— Source data —
************
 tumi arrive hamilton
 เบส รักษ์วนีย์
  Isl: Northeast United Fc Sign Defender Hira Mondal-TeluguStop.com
************
— Work task —
Return all of the material precisely as written.

— Answer —
 tumi arrive hamilton
 เบส รักษ์วนีย์
  Isl: Northeast United Fc Sign Defender Hira Mondal-TeluguStop.com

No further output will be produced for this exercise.